Les soigneurs du parc de Thoiry se sont aperçus de la disparition lors de leur visite quotidienne et matinale. Jeudi 26 janvier, quatre petits singes ont été volés dans leur enclos dont la porte a été forcée. Il s’agit de tamarins pinchés, une espèce originaire du nord de la Colombie, protégée par l’annexe 1 de la convention de Washington.

« C’est une espèce très rare, souligne le comte Paul de La Panouse. Ce sont quatre années de mises en l’air. Nous avions réussi la délicate opération de reconstituer un groupe familial de cinq individus. Séparés, ils vont certainement mourir. D’autant plus qu’ils sont d’une fragilité extrême, tant dans leur alimentation que dans leur cadre de vie ou les soins médicaux. »
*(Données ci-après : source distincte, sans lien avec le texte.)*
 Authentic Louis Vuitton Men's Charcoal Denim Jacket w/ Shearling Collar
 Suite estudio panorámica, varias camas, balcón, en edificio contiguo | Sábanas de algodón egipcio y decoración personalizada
Les grands trafics suspectés

Pour le propriétaire de la réserve, la colère se mêle à l’indignation. « Personne n’a le droit d’avoir ces petits singes chez soi. Ne pas le dénoncer revient à une non-assistance à espèce en danger. » Le comte de la Panouse ne croit pas si bien dire : le 1er février un habitant de Saint-Germain-de-la-Grange (près de Beynes) a alerté les gendarmes : il venait de découvrir l’un des tamarins mort dans son jardin.

Pour l’heure, les gendarmes semblent disposer de peu d’éléments pour retrouver le ou les auteurs de ce vol. Qui plus est, la disparition pourrait prendre une tout autre dimension, comme le précise le comte. « C’est un petit ruisseau qui rejoint les grandes rivières des trafics de grande envergure. Ceux des animaleries qui vendent sous le manteau des espèces rares, ceux des gens qui se fichent du mal qu’ils font. » Ce n’est pas la première fois que la réserve africaine de Thoiry est victime de vols de ce type. En juin 2004, trois ouistitis pygmées avaient été kidnappés. Deux mois plus tard, ce sont deux autres ouistitis qui avaient disparu de leur local de transit. Ces animaux rares se monnaient à prix d’or sur les marchés parallèles. Dans le cas des quatre tamarins pinchés, leur valeur peut atteindre jusqu’à 4 000 euros.

F.D.

Le vicomte de La Panouse : « Il faut que les particuliers cessent d’en acheter »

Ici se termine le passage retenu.